Le discours des rois

S’il y a une règle d’or que l’on se fait fort de respecter dans mon service, c’est bien celle-ci : « Aucune occasion de manger et/ou de boire, tu ne laisseras passer dans l’administration ». Et le mois de janvier est l’occasion parfaite de décliner cette bonne pratique autour des multiples sessions de vœux organisées par la hiérarchie que l’on peut écouter (ou pas) en croquant dans une galette.

Dans le marathon de la frangipane, il y a un moment « fort » : le discours du grand patron qui pour l’occasion se déplace jusqu’à nous.
Telle une rock star fendant la foule d’un stade bondé –ou presque-, il va de poignées de mains moites en sourires forcés jusqu’à l’estrade où l’attend au pied du micro, un premier rang d’agents de tout grade en quête de reconnaissance.

« Bonjour à toutes et à tous,
Je suis très heureux d’être avec vous aujourd’hui pour partager ce moment de convivialité… Blablabla… »
La galette n’est vraiment pas mauvaise cette année.

« L’année 2015 nous a tous éprouvé (…) mais elle a aussi été une année où une fois encore les services se sont mobilisés. Notre action se poursuivra et 2016 sera une année majeure, qui, je le souhaite, sera marquée du sceau de la réussite (…) »
Challenge donc car, a priori on ne change pas les équipes et les méthodes de Jo ne sont certainement pas les plus efficaces…

« La réforme de nos services se poursuit et en ce sens j’ai demandé à mes collaborateurs de travailler sur une réflexion globale visant à dessiner des orientations pour l’avenir(…).»
Il faut savoir une chose : ici, le dessin, c’est de l’art abstrait. Ça risque donc d’être « conceptuel » avec une réflexion qui mobilise certainement une dizaine d’agents, qui rendront un rapport suffisamment épais pour décimer une forêt, et avec une décision finale prise par la hiérarchie sur un coin de table deux minutes avant de rendre les conclusions.

« La qualité de notre travail est la clé de notre mission auprès des usagers et en 2016 nous renforcerons par notre action la professionnalisation de nos services (…) »
Ah… dis comme ça, on a la sensation qu’avant 2016, on était des touristes !

« Pour impulser notre dynamique, de nouvelles actions déterminantes seront engagées au cours des mois à venir selon un calendrier prévisionnel (…) ».
Alors, « calendrier prévisionnel » se comprend comme : élément tout à fait hypothétique, incertain, voire même imaginaire, calculé selon des prévisions favorables qui ne seront jamais présentes (sauf si une licorne bleue traverse la cour de l’immeuble entre 12 h02 et 15 h14) et qui a été décidé sur le même coin de table que « les orientations d’avenir ». En bref, j’ai le temps de faire le tour du monde en skateboard avant qu’ils ne soient arrivés au bout de leur calendrier prévisionnel.

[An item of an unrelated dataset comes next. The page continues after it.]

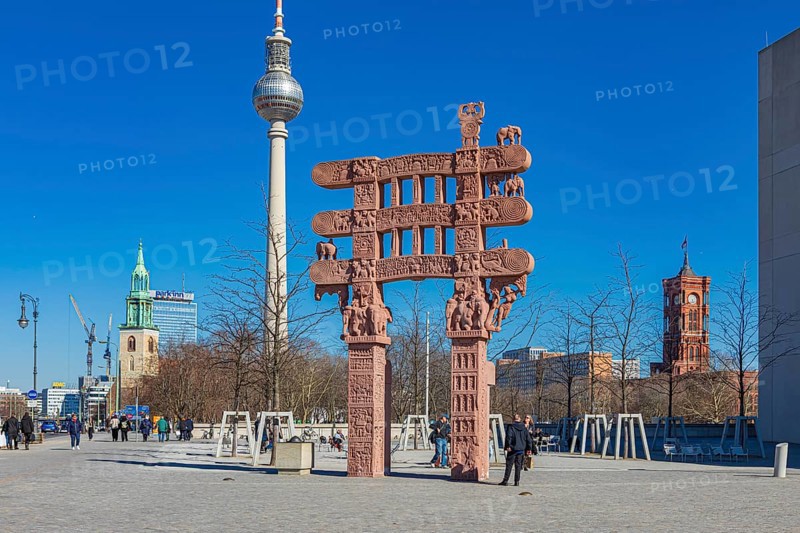 Reconstruction of the Sanchi Tor in front of Berlin Palace in Berlin, Germany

« Nous allons réformer nos pratiques et renforcer le dialogue social (…)».
Vœu pieu ou bonne résolution de la nouvelle année… c’est un peu comme dire que l’on arrête le chocolat, la main plongée dans un paquet de chocobons.

« Nous sommes unis dans cette grande aventure administrative qui se poursuivra en 2016 (…) »
Aventure administrative…. Un peu comme Koh Lanta ? Avec des équipes que l’on fusionne et qui ne s’entendent jamais ? Une sélection qui se joue à qui tient le plus longtemps sur un poteau plutôt qu’à qui est le plus doué ?… Aïe !

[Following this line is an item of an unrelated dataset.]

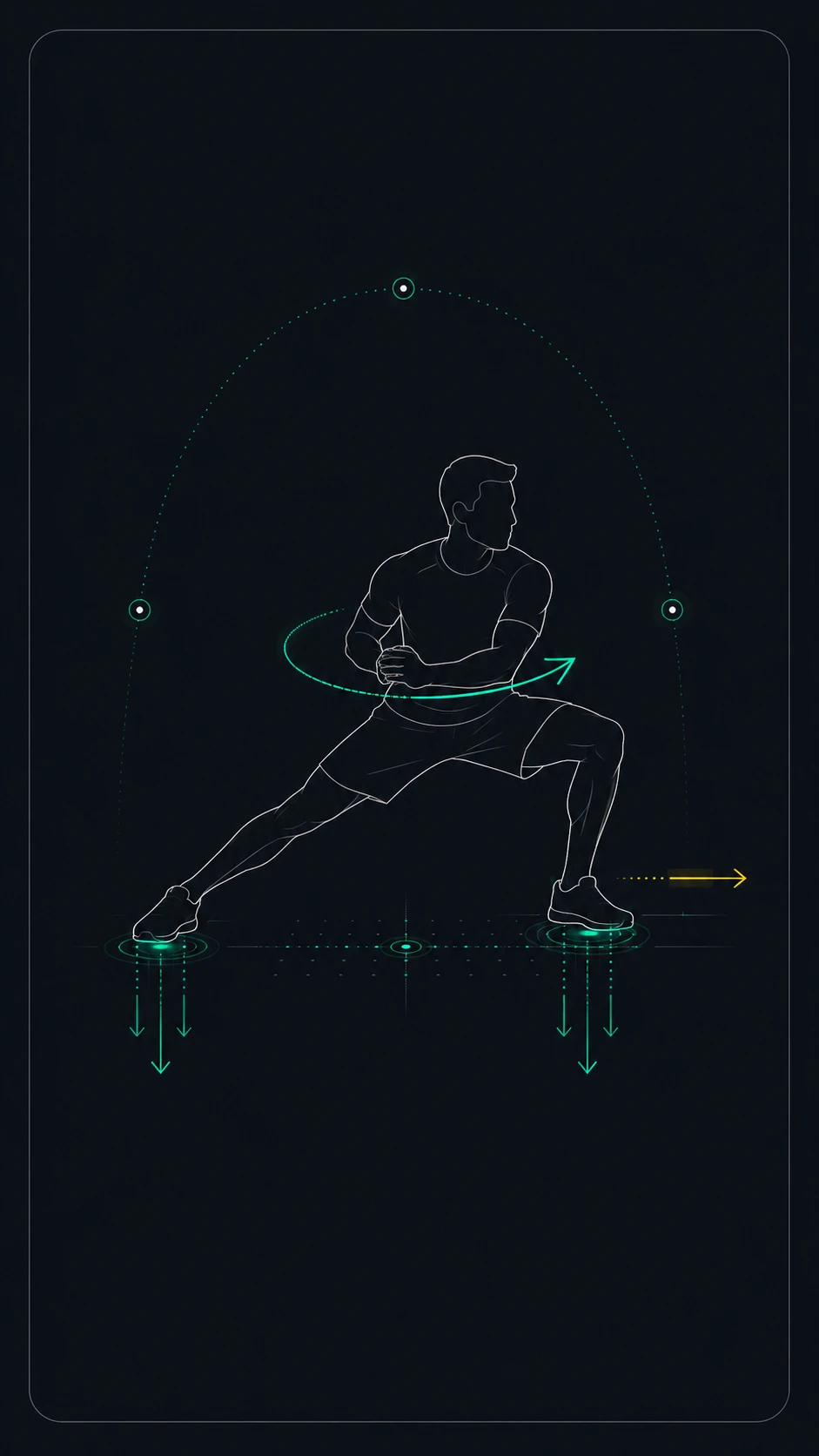 Icon showing sport-relevant force, braking, rotation, and movement capacity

« Aussi, je vous présente mes meilleurs vœux pour 2016, pour vous-mêmes et ceux qui vous sont chers ».
Entre deux applaudissements polis pour ce discours que j’ai la sensation d’avoir déjà entendu, je me retourne vers Karine qui nous fait à chaque nouvelle intervention son top ten des mots employés.
– Le grand vainqueur est le mot « action » avec une répétition de 9 fois, talonné de près par « réforme ».
J’espère qu’un jour « intérêt général » finira grand gagnant du loto de Karine. Comme ça. Pour me faire plaisir. Parce que c’est pour ça que j’ai voulu travailler dans l’administration. Pour l’intérêt général.